Copper futures in New York sank 0.9 percent in after-hours trading, following yesterday’s 1.3 percent gain. Oil prices lost 0.8 percent, erasing yesterday’s drop.

South Africa’s rand lost 0.5 percent versus the dollar today, while the Australian dollar fell 0.2 percent. The two currencies have moved along with the Reuters/Jefferies CRB Index of 19 raw materials about 90 percent of the time this year, Bloomberg data show. The commodities gauge, which hasn’t yet traded today, rose 0.8 percent yesterday.

“We’re not out of the woods on a global recovery basis so, though things look better, investors are being cautious,” said Phil Burke, chief foreign-exchange dealer at JPMorgan Chase Bank in Sydney.

Breaking Even?

Aluminum Corp., known as Chalco, lost 2.5 percent to HK$8.98. The company aims to break even or at least curb losses in the second half on expectations of an improvement in the market, Chairman Xiong Weiping said at a news conference today.

About 18 percent of the 538 companies in the MSCI Asia Pacific Index that posted results since early July have missed analysts’ profit estimates, according to data compiled by Bloomberg.

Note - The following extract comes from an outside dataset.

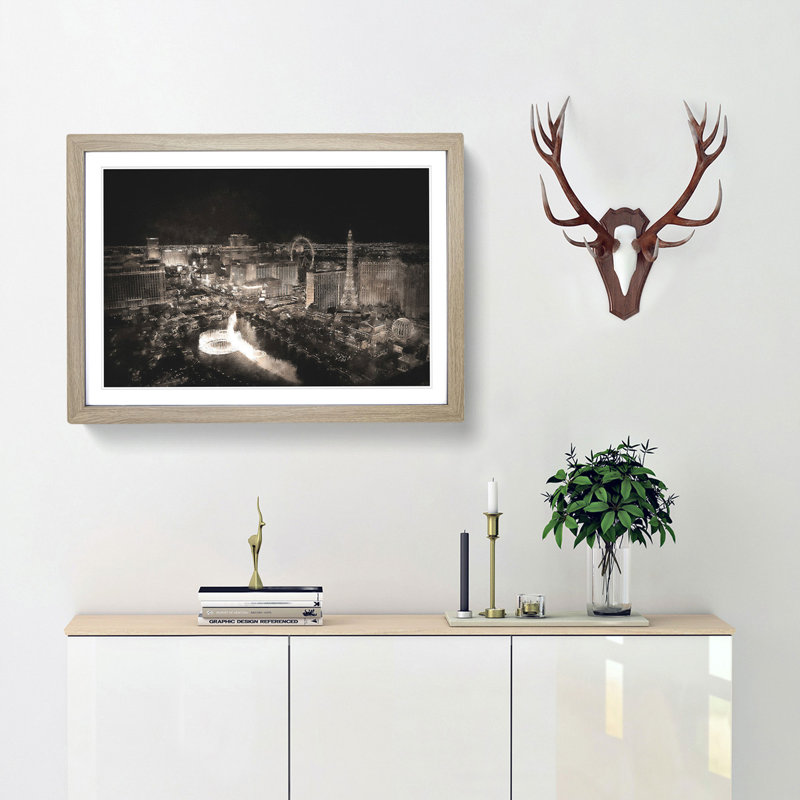 Las Vegas Skyline at Night - Picture Frame Painting Print, 33cm H x 45cm W x 2cm D, Oak Framed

A third of those companies have reported better-than- estimated earnings, helping drive the stock index to the highest level in almost 11 months on Aug. 14.

Equities “have gone too high and this is a time for investors to book profit,” said Fumiyuki Nakanishi, a strategist at Tokyo-based SMBC Friend Securities Co.

Wesfarmers Ltd. slumped 4.1 percent to A$24.67. Australia’s second-largest retailer is stocking more fresh fruit and vegetables than it can sell to reverse the reputation its Coles supermarket division has for empty shelves and win market share, CEO Richard Goyder said in an interview.

Credit Crisis

KB Financial retreated 2.7 percent to 54,500 won following comments from James Wells III, chief executive officer of Atlanta-based SunTrust. Mizuho Financial Group Inc., Japan’s third-biggest bank by market value, slipped 0.4 percent to 228 yen. Daiwa Securities Group Inc. Japan’s second-largest brokerage, fell 2.5 percent to 555 yen.

“This credit cycle has yet to play itself out,” Wells said in a speech to the Rotary Club of Atlanta. “We do not expect things to improve for the banking industry in the very near future.”

Global credit losses and writedowns by financial institutions have totaled $1.6 trillion since 2007, according to data compiled by Bloomberg. The financial crisis helped drag the U.S. and Japan into recession and caused the collapse of Lehman Brothers Holdings Inc. and Bear Stearns Cos.

Nouriel Roubini, the New York University professor who predicted the financial crisis, wrote in the Financial Times yesterday the chance of a double-dip recession is increasing because of risks related to ending global monetary and fiscal stimulus.

Bad Debt

Suncorp-Metway Ltd., Australia’s third-largest insurer, sank 3.9 percent to A$7.50. Net income in the 12 months ended June 30 fell 40 percent to A$348 million ($291 million) as the company set aside more money to cover bad debt. Impairment losses on loans soared 10-fold to A$710 million.

NGK climbed 4.6 percent to 2,290 yen. The company won a 60 billion yen ($639 million) order from Abu Dhabi to supply rechargeable batteries for power management systems, the Nikkei newspaper reported.

Woolworths rose 3 percent to A$28.86. The company said it will start a joint venture with North Carolina-based Lowe’s and open more than 150 stores over the next five years.

South Korea’s Daewoo Engineering & Construction Co. surged 6.3 percent to 14,400 won after Edaily reported Blackstone Group LP, KKR & Co. and Permira Holdings Ltd. may bid for the company.